Quasi modo geniti infantes, rationabile, sine dolo lac concupiscite

Easter Week is here, which means every day this week is a first class feast day, with the traditional Latin Mass consisting of the sequence "Victimae Paschali laudes immolent Christiani" and the Credo.


The novus ordo, on the other hand, barely tolerates octaves. The new liturgy made the Easter sequence optional and eliminated the Credo this week. No surprise, considering Paul VI already had blurred the lines of Lent and Easter by reducing the Lenten fast from 40 days to a whopping two in 1966.

John Paul II continued the blurring of Lenten fasting and Easter feasting by instituting a "divine mercy novena" through Easter Week. So, after feasting through 95 percent of Lent, when Easter arrived there would be a week of intense prayer "for the sake of His sorrowful Passion." It's like a Vatican II bizarro world.

Thankfully, those who follow the 1962 calendar get to avoid all of this insanity. Universae Ecclesiae is very clear: "28. Furthermore, by virtue of its character of special law, within its own area, the Motu Proprio Summorum Pontificum derogates from those provisions of law, connected with the sacred Rites, promulgated from 1962 onwards and incompatible with the rubrics of the liturgical books in effect in 1962."

This Sunday, 15 April 2012, has a multitude of names. Low Sunday. Quasimodo Sunday. Quasimodogeniti. Thomas Sunday. Pascha clausum. The First Sunday After Easter. The Octave Day of Easter. Dominica in albis depositis.

JPII's "Divine Mercy Sunday" was promulgated on 30 April 2000. Therefore, it has absolutely nothing to do with the traditional Latin Mass on Low Sunday. Attempting to merge 1962 and 2000 at a traditional Latin Mass this Sunday would clearly be a violation of #28 in Universae Ecclesiae.

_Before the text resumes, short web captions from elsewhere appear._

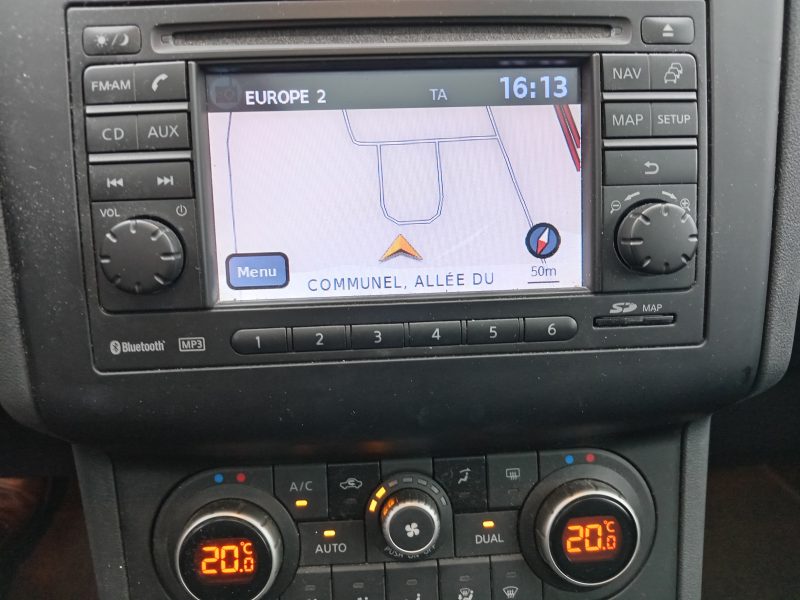 NISSAN QASHQAI  2011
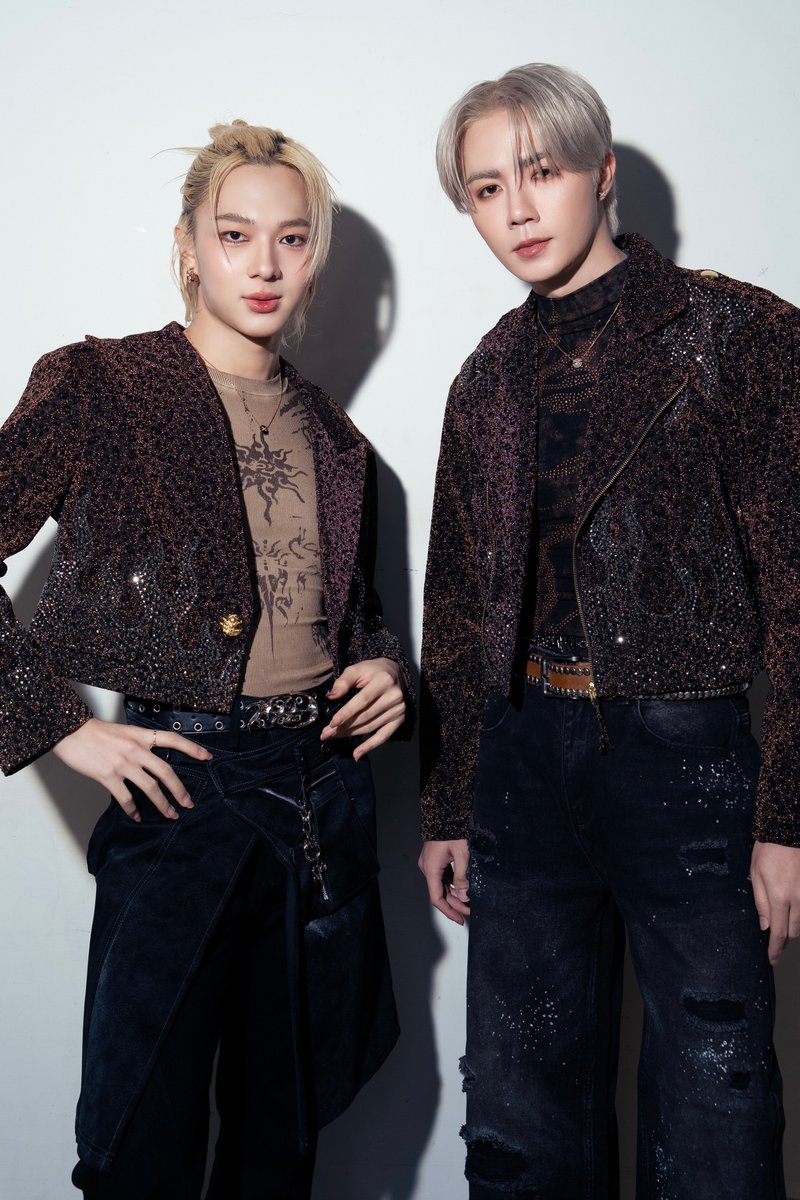 “ซี” @zee_pruk และ “นุนิว” @CwrNew พร้อมเจอกับทุกคนแล้วในงาน ICONSIAM Amazing Thailand Countdown ...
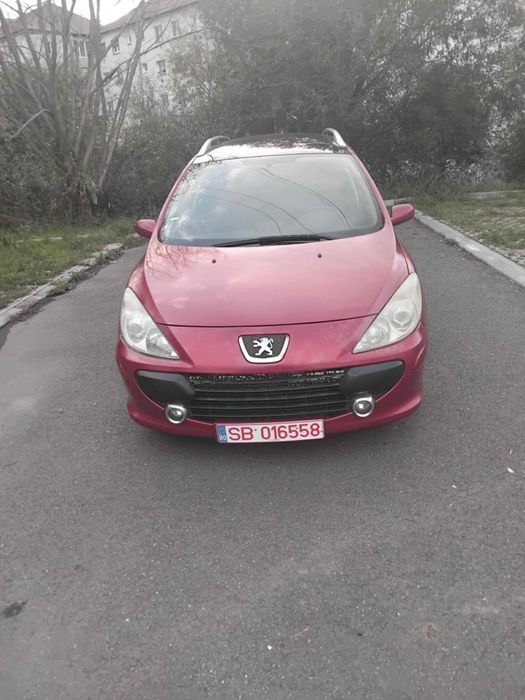 Se vinde peugeot 307sw cu 7 locuri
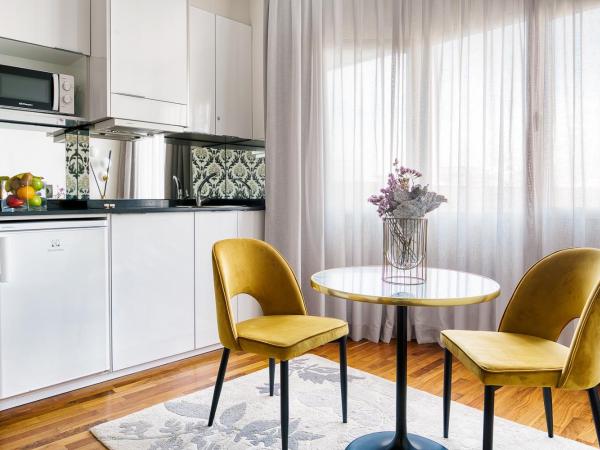 Apartosuites Jardines de Sabatini : photo 5 de la chambre studio double ou lits jumeaux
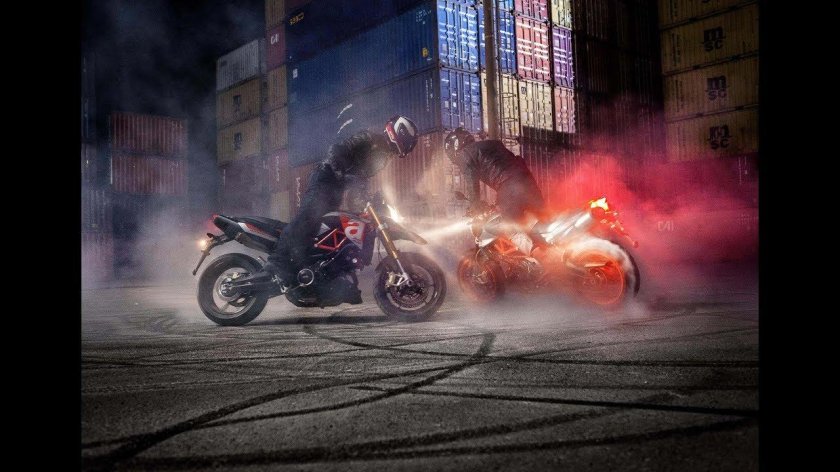 Мотоцикл в дыму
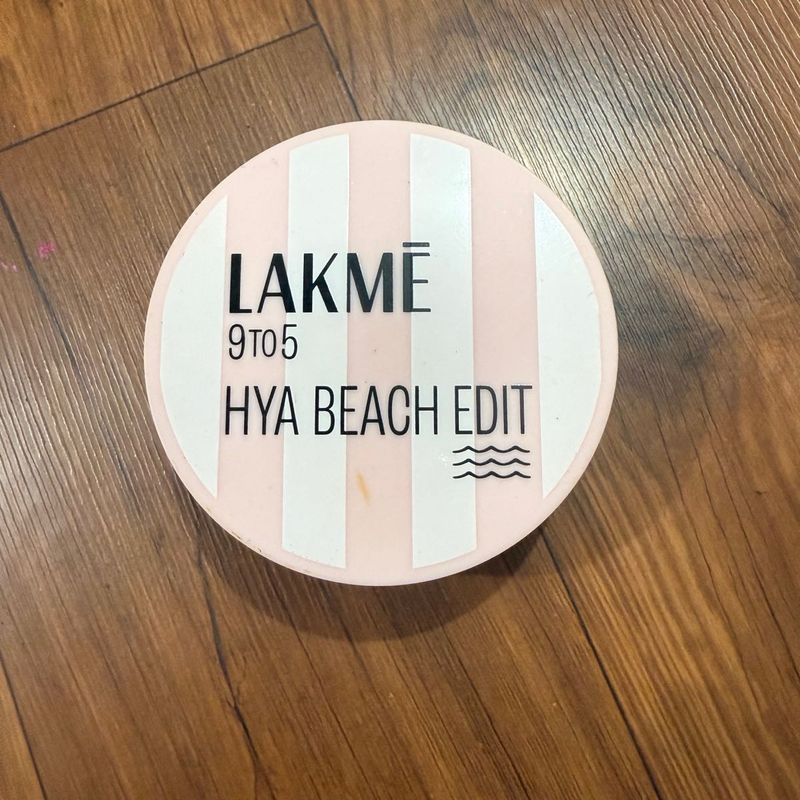 Lakme 9 to 5 Hya Beach Edit Compact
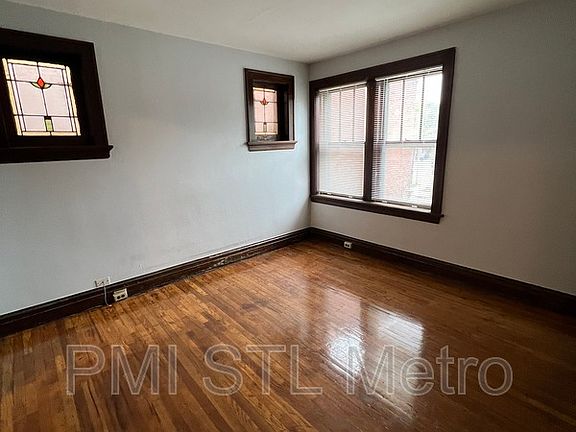 2nd image of 8205-8207 S Broadway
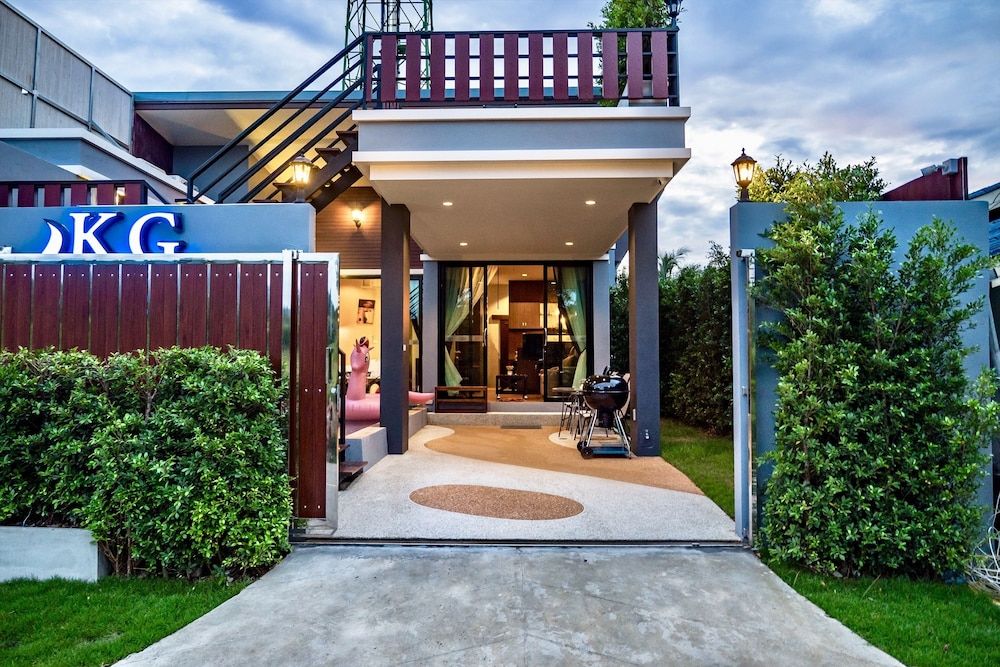 undefined KG Private Pool Villas Soi Nine 3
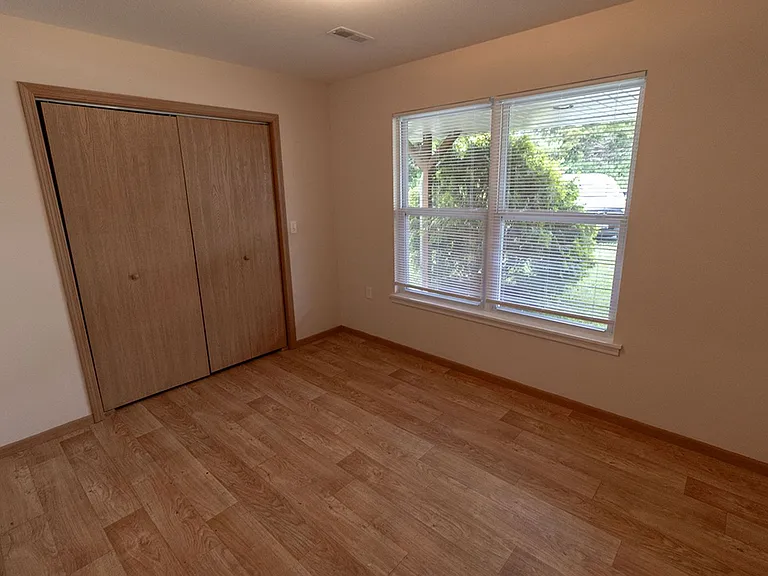 1540 Florence Dr — Photo 7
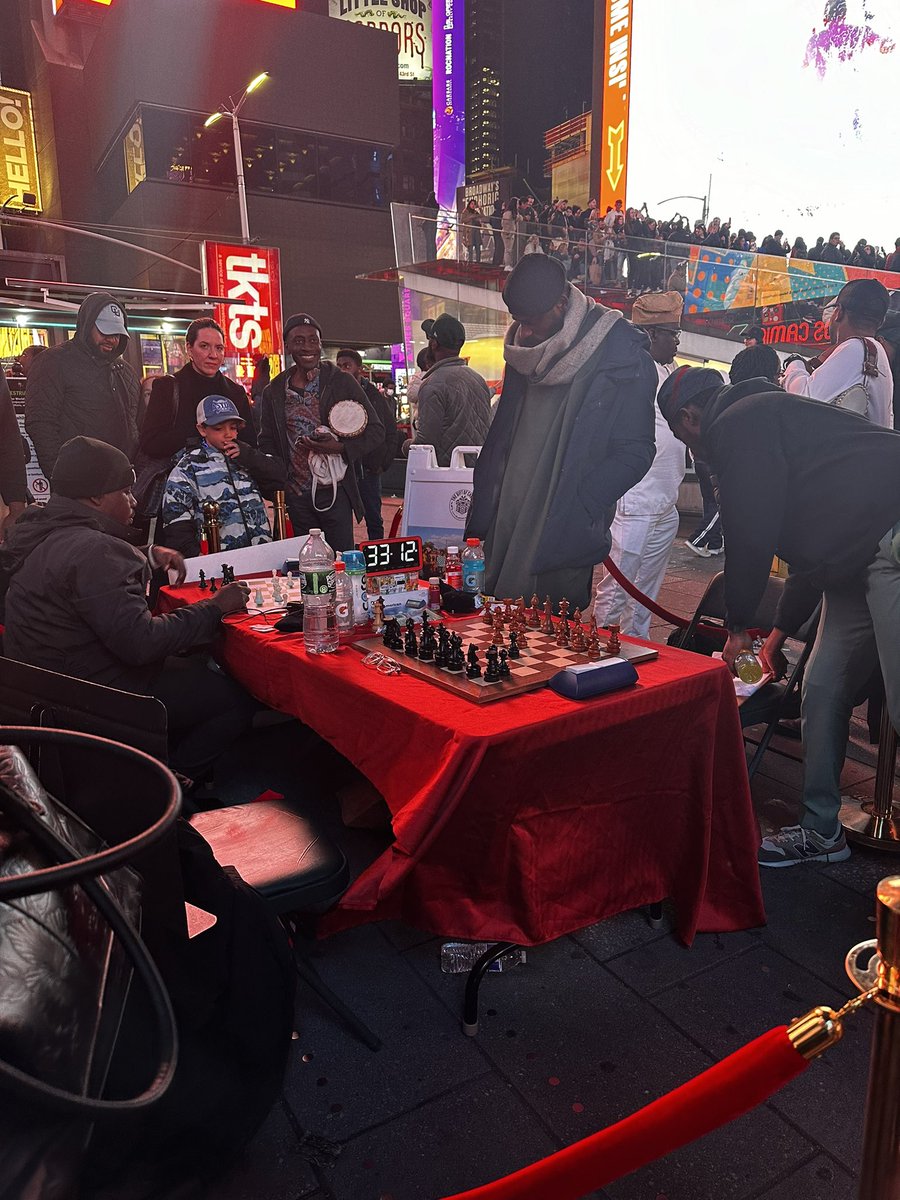 AdandaChuku's tweet photo. Big ups to @Tunde_OD
#chessathon https://t.co/us5xDCfwKq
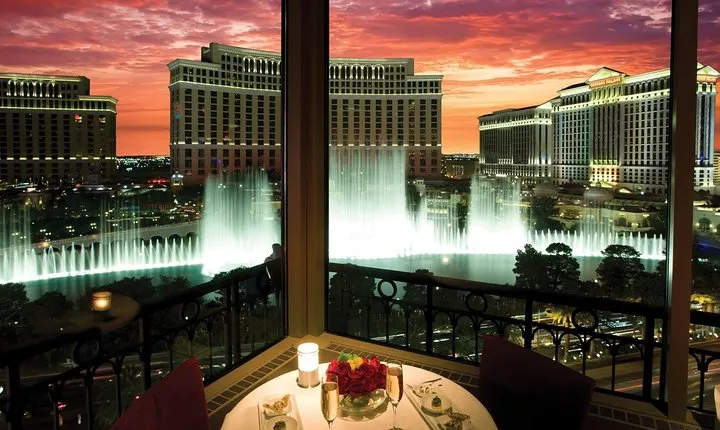 Helicopter Flight of the Las Vegas Strip with Eiffel Tower Dinner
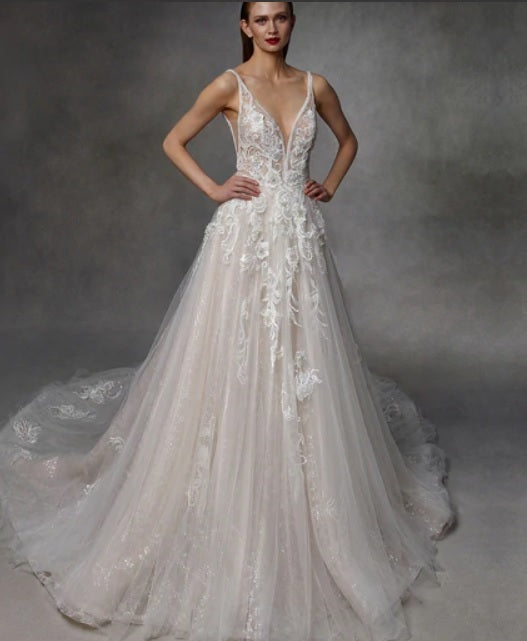Wedding dress using ivory lace Keegan 2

That is not to say divine mercy is, per se, not a good thing. Of course it is. But not on a Sunday. And not during Easter. The Feast of the Sacred Heart of Jesus is on Friday, 15 June 2012 -- the liturgical day divine mercy has traditionally been observed.

There is a time for fasting for the sake of His sorrowful Passion, and a time for feasting in celebration of the risen Lord. Easter and all Sundays are times for feasting.